*WHAT TO DO*: Once you reach the line with "Current assets include: cash" below, copy each line exactly, stopping after the line with "However underneath there's", and skip any pictures.

(DATASET)

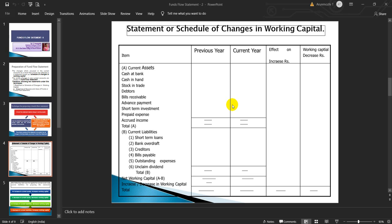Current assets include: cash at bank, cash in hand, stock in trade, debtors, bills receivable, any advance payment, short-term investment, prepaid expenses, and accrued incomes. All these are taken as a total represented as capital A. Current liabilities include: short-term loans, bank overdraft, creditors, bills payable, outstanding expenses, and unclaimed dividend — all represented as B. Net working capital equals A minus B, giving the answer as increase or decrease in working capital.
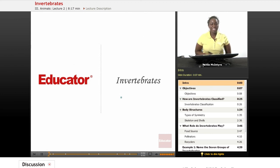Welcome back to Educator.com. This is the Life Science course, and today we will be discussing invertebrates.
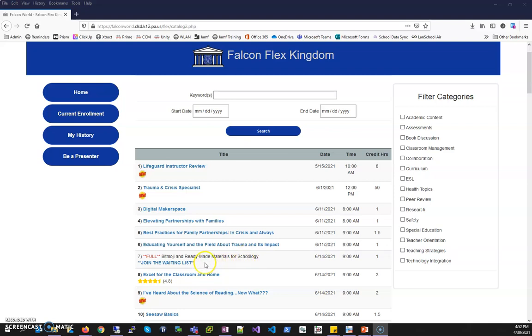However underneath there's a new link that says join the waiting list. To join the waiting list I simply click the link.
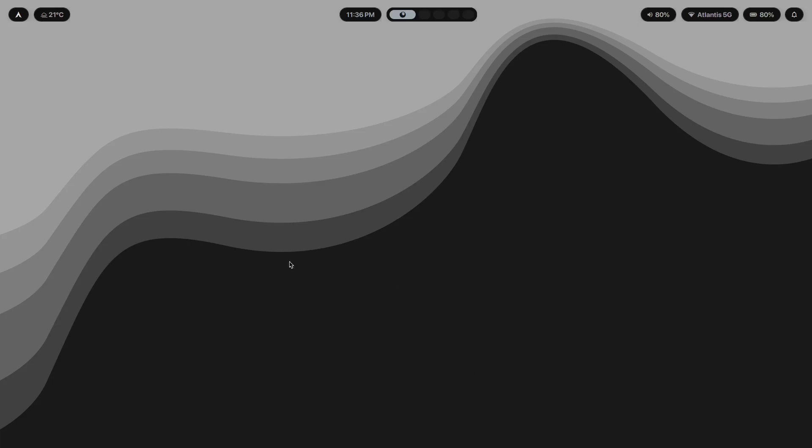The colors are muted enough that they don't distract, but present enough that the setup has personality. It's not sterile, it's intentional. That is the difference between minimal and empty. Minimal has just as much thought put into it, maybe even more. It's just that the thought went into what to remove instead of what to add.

(End DATASET)
(DATASET)

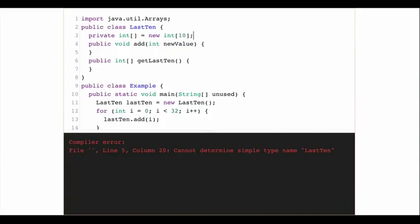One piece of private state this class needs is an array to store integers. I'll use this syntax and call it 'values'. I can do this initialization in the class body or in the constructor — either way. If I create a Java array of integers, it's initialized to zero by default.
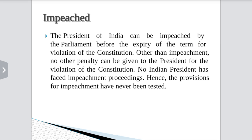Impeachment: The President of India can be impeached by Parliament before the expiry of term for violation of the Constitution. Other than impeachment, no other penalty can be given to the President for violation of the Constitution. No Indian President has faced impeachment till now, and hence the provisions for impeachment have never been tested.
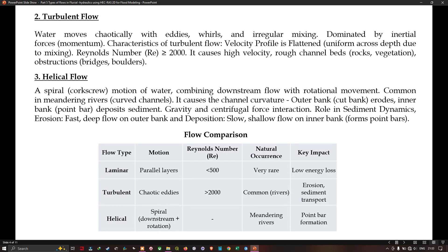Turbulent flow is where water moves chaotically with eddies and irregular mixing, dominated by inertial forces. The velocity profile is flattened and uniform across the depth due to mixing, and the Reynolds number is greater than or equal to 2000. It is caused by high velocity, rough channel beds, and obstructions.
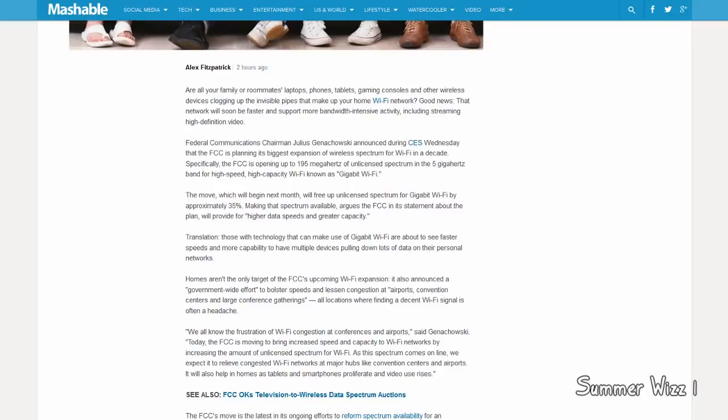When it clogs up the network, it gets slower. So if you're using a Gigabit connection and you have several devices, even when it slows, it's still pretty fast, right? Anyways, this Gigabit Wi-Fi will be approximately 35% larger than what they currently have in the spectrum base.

(End DATASET)
(DATASET)

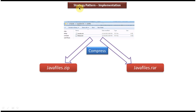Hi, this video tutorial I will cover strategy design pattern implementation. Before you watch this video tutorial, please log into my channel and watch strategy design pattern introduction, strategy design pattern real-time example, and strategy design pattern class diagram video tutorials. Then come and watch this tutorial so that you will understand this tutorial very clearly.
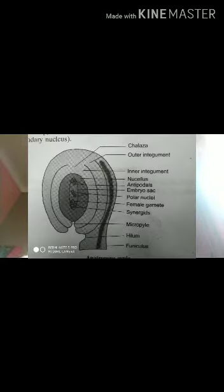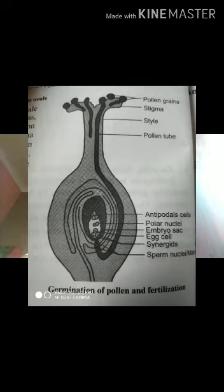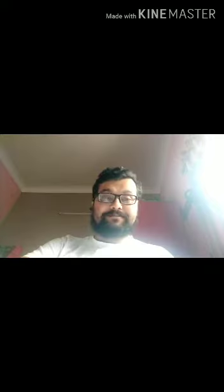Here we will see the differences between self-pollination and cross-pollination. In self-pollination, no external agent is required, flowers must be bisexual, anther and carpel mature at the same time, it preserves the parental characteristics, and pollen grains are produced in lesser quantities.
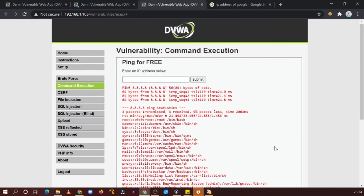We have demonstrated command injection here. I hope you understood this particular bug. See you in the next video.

(End DATASET)

*EXERCISE RESULT*:
Current assets include: cash at bank, cash in hand, stock in trade, debtors, bills receivable, any advance payment, short-term investment, prepaid expenses, and accrued incomes. All these are taken as a total represented as capital A. Current liabilities include: short-term loans, bank overdraft, creditors, bills payable, outstanding expenses, and unclaimed dividend — all represented as B. Net working capital equals A minus B, giving the answer as increase or decrease in working capital.
Welcome back to Educator.com. This is the Life Science course, and today we will be discussing invertebrates.
However underneath there's a new link that says join the waiting list. To join the waiting list I simply click the link.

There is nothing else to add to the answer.